McDonald has a 4.34 ERA in five starts, but one horrible inning against the White Sox (he plunked the first two batters, more zaniness ensued, and he got charged with seven runs) severely cost him. Remove that, and the ERA is 2.70.

Update: Mahle was placed on the 15-day injured list with a hamstring strain. McDonald stays in the rotation.

Troubles in third-base coaching box

In retrospect, it was probably unfair for the Giants to make Hector Borg their third-base coach. Yes, he gained some experience in the minors and winter ball, but the majors is a faster style of play, and he could have used more grooming.

One option for the Giants would have been breaking in Borg as the first-base coach, the old-school approach for introducing new coaches, where the responsibilities aren’t as heavy and the pressure isn’t as heightened.

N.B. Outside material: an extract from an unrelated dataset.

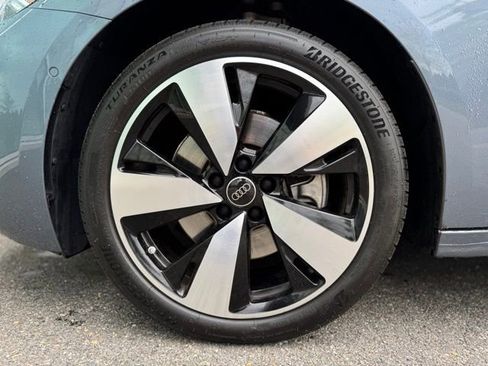 Certified 2025 Audi A5 2.0T Premium Plus w/ Premium Plus image 8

Borg, 41, is a faithful and likable organizational man who has been in the system for two decades as a player and coach but has made several costly mistakes sending runners and holding runners. The latest came Wednesday when he waved Adames home on Arráez’s single. Everyone in the park could have predicted doom, and Adames was as easy out.

It wasn’t the right situation to get ultra aggressive. The Giants would have had two runners aboard with one out and their best hitter coming up in Schmitt. Instead, there were two outs, and then Arráez got picked off second base. The bat was taken out of Schmitt’s hands.

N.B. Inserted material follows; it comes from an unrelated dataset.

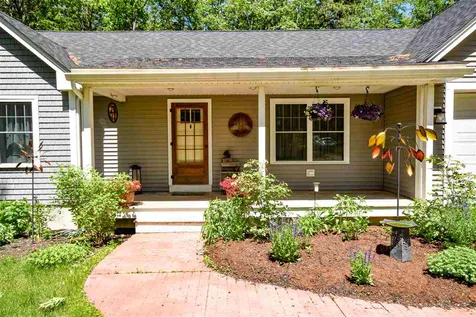 3 Larson Lane York ME 03909
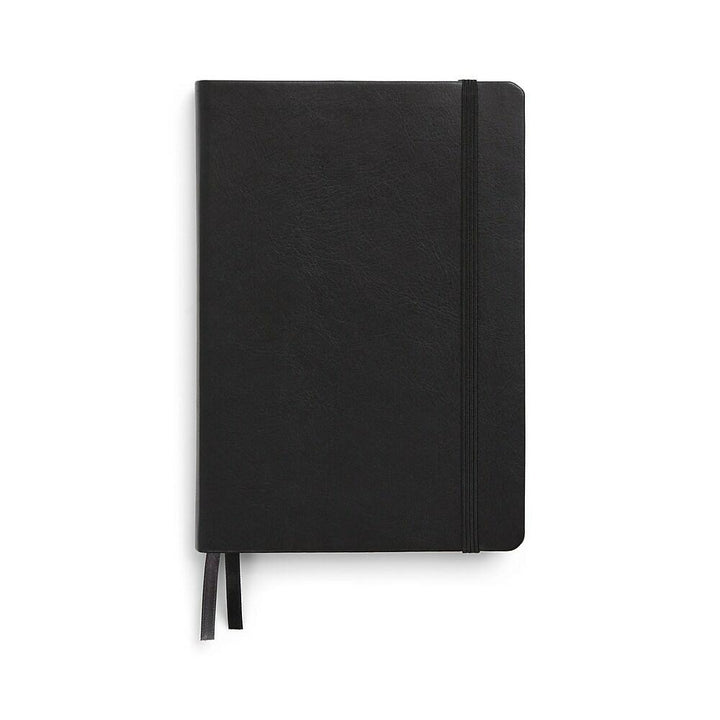 Creative Convert Grid Black Diary Creative Convert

While Borg was off four days for a family funeral, the reliable Ron Wotus, 65, filled in as the third-base coach. Maybe that’s the path the Giants take the rest of the season, with Borg getting reps at first base.

Update: Borg was reassigned to a new role with the player development staff. Wotus is the new third-base coach, at least for the interim.

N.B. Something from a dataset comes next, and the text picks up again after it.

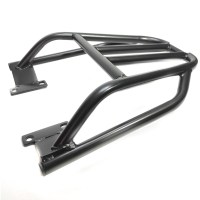 PARRILLA RM TECH P/ CBF 125 TWISTER COLOR NEGRO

Move in the wall? Not a chance

Three straight games, Giants hitters crushed pitches to right-center at Oracle Park. Not enough to clear the wall, but all (based on the distance and overlap metrics) would have been home runs in the other 29 parks — Rafael Devers twice and Eldridge once. Only in San Francisco, where the wall is 415 feet from the plate, do those long drives stay in the yard.

After Eldridge’s 407-footer was caught, he said he got a note from his agent congratulating him for getting “Oracle’d.” I asked Vitello, despite his brief time here, if he has become a proponent of moving in the wall, especially now that the Giants have two mashers who swing left-handed.

Vitello did the right thing. He pivoted and said, “Obviously, we’ve got other problems to worry about.” For example, he mentioned throwing more strikes and swinging at more strikes, and also, “Everybody needs to come to work and be relaxed and have fun.”

Everybody needs to adjust to the dimensions and elements too. Willie Mays hit 660 home runs and made his home at two of the goofiest yards in baseball history, the Polo Grounds and Candlestick Park. He didn’t complain; he adjusted. He couldn’t hit homers to center field at the Polo Grounds because it was 482 feet straight away, so he learned to attack the lines and alleys. At windy Candlestick, he found it hard to hit long fly balls over the left-field wall, so he hit balls into the jet stream in right-center.

The beauty of this ballpark is its uniqueness, so don’t mess with it. Deal with it. Like the teams from 2010, 2012, and 2014.